Everything I Never Told You by Celeste Ng
The “No Spoiler Alert” Synopsis: I got this book recommendation from a list called “21 Books From the Last Five Years that every Woman Should Read,” and it did not disappoint. The story centers around the disappearance of Lydia- the “favorite blue eyed child” of Marilyn and Lee. On the surface, the Lees seem like a perfect interracial family. But once Lydia’s body is found in the local lake- the “perfect” facade slowly unravels. As the illustrious Roxanne Gay said in her goodreads review (because omg she is so awesome and actually writes good read reviews even though she is Roxanne Gay!!): “Gorgeously written. Really subtle storytelling but the tension built in a really excruciating, smart way that kept me holding my breath. I also love how Ng approached writing the challenges of identity and difference for both women and people of color, as well as how much the burden of expectations can truly weigh.”
Read When: It’s Sunday morning , you’re in bed and want a good mystery novel with a hint of deconstructing the human condition.
Read with: A nice cup of darjeeling or green tea. Really, something you can re-heat because you’ll forget to drink it because you’re too busy turning pages.

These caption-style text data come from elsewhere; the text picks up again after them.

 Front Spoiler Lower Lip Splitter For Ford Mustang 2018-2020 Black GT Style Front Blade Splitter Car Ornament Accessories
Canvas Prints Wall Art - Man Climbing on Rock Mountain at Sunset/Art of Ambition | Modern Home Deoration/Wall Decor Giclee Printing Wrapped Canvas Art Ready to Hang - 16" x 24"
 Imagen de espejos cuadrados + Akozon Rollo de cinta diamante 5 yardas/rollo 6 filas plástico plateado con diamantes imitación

Who Thought This was a Good Idea? And other Questions You Should Have answers to When You Work in the White House By Alyssa Mastromonaco & Lauren Oyler
The “No Spoiler Alert” Synopsis: I first heard about Alyssa Mastromonaco’s book during her interview with Fresh Air’s Terry Gross. Who Thought? is a refreshingly honest account of Mastromonaco’s time working as the deputy Chef of Staff for President Barack Obama. This behind-the-scenes political memoir is filled with ‘hilarious encounters of bursting in on secret climate talks, or nailing a campaign speech in a hailstorm and a dozen of less-than-perfect moments on how she helped make “Hope and Change” actually happen’. Unlike most political memoirs I’ve read, Mastromonaco is unapologetically honest about the exhaustion, the awkward moments and about her quest to get a tampon dispenser into the West Wing. It’s no coincidence that she’s besties with my wannabe BFF, Mindy Kaling.

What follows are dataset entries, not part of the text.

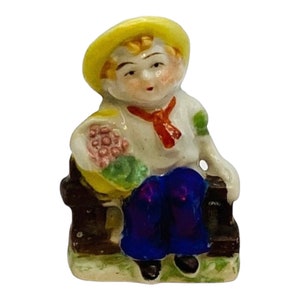 Boy Sitting on Fence w/ Flowers Porcelain Cake Topper Figurine Japan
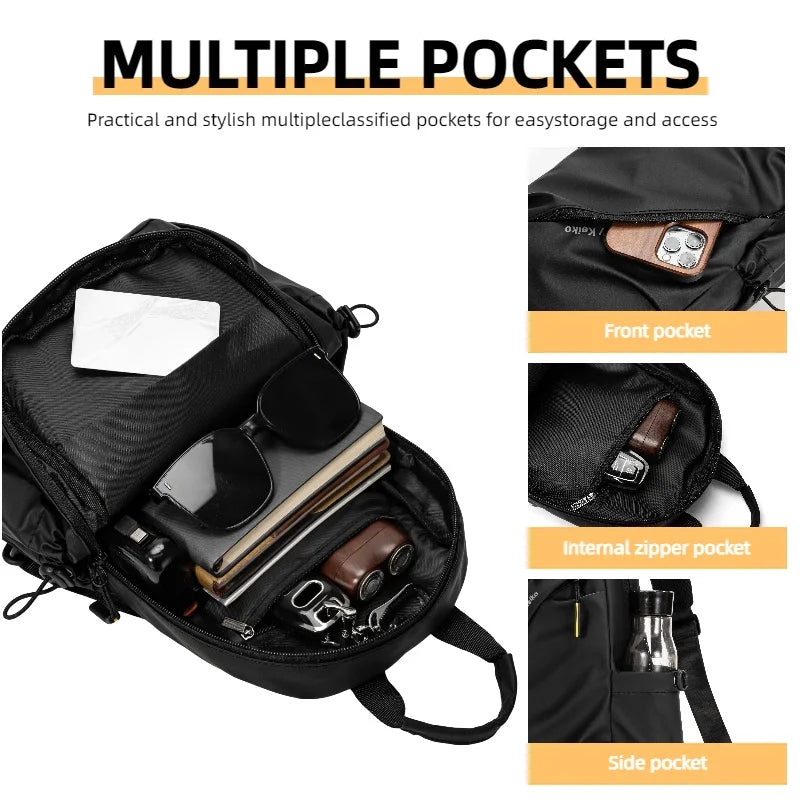Men's Waterproof Chest Bag – Minimalist Sling Crossbody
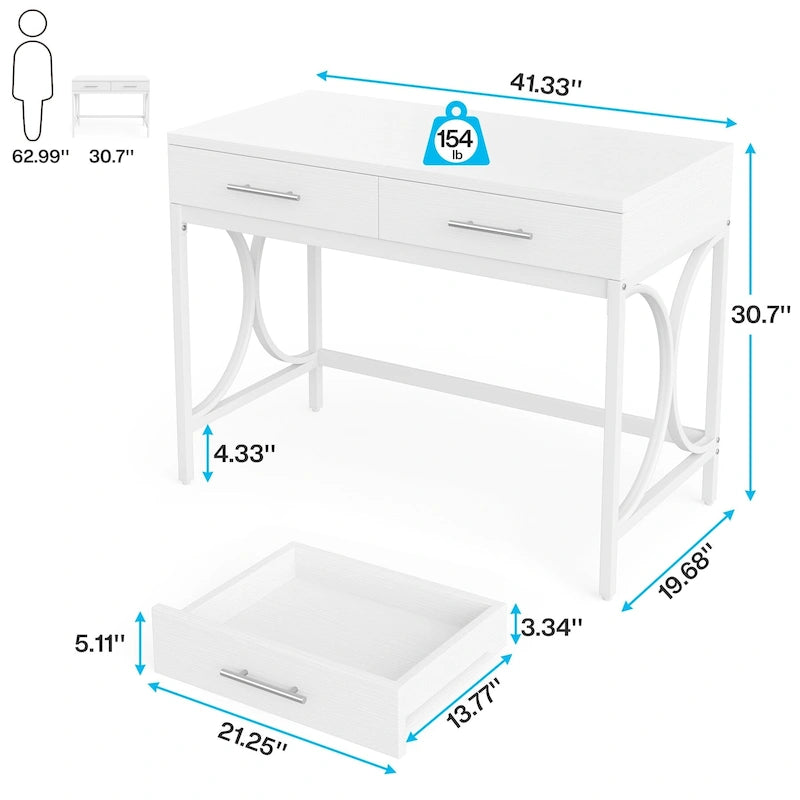 Moderner Computerschreibtisch mit 2 Schubladen, Weiß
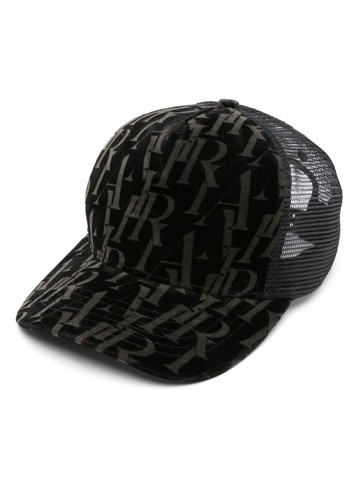AMIRI - monogram velvet baseball cap - men - Cotton/Polyester/Nylon/Spandex/Elastane/Polyurethane/Lyocell - One Size - Black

Read When: You need a good subway book- the kind where if you have to get off at the next stop, you won’t need to re-read the last chapter to know what’s going on.
Read with: A refillable water bottle because the MTA and TSA both frown on public drinking.

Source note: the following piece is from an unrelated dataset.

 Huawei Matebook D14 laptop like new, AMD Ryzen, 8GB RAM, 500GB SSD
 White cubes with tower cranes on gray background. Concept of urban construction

Truffle Boy by Ian Purkayastha
The “No Spoiler Alert” Synopsis: I was reading the New York Times when I saw my last name. I obviously assumed that I was hallucinating or finally experiencing what my ophthalmologist Dr. Nyugen told me would happen with prolonged exposure to phone screens. Nope, actually, I found out that there is another Purkayastha – who may be the only other Purkayastha not directly related to me- obsessed with food. Truffle Boy covers Ian Purkayastha’s journey with exotic food- from his first taste of truffles (age 15 in rural Arkansas) to his high stakes dealings with truffle kingpins in Serbia, meth-head foragers in Oregon, crooked businessman and maniacal chefs in Manhattan, gypsy truffle hunters in the Hungarian forests and a supreme adventure to find “Gucci” mushrooms in the Himalayan foothills.
Read When: You’ve run out of Chef’s Table episodes on Netflix and want to know about how those chefs get those exotic truffles and want to impress others with your identifying fake Wagyu beef.
Read with: The best whisky or scotch you have. It will be worth it.